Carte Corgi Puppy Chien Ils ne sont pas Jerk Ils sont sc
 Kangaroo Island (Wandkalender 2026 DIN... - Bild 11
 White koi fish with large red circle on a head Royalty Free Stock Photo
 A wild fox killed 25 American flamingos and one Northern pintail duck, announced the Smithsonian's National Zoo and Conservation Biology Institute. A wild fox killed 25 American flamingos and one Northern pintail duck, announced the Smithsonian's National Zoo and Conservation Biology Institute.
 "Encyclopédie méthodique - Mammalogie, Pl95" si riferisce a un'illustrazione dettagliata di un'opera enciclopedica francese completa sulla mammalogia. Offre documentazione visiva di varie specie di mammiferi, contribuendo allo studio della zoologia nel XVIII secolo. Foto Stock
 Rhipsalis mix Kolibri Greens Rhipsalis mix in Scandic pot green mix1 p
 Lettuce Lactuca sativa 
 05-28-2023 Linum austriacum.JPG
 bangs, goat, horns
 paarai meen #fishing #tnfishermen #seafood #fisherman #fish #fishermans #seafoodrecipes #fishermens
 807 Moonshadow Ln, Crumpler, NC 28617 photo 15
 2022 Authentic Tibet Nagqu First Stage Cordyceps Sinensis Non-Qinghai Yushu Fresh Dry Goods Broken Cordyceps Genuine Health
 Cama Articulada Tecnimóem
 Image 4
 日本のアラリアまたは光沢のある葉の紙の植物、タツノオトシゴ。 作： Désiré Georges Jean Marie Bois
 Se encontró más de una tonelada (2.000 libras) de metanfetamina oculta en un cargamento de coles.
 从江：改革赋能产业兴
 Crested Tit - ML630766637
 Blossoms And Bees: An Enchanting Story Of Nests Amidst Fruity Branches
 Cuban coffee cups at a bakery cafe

*Action item*
Could you reproduce exactly the lines of the entries above, from the one with "Biology Institute. A" through the one with "05-28-2023 Linum austriacum.JPG", and nothing else?

*Written solution*
 A wild fox killed 25 American flamingos and one Northern pintail duck, announced the Smithsonian's National Zoo and Conservation Biology Institute. A wild fox killed 25 American flamingos and one Northern pintail duck, announced the Smithsonian's National Zoo and Conservation Biology Institute.
 "Encyclopédie méthodique - Mammalogie, Pl95" si riferisce a un'illustrazione dettagliata di un'opera enciclopedica francese completa sulla mammalogia. Offre documentazione visiva di varie specie di mammiferi, contribuendo allo studio della zoologia nel XVIII secolo. Foto Stock
 Rhipsalis mix Kolibri Greens Rhipsalis mix in Scandic pot green mix1 p
 Lettuce Lactuca sativa 
 05-28-2023 Linum austriacum.JPG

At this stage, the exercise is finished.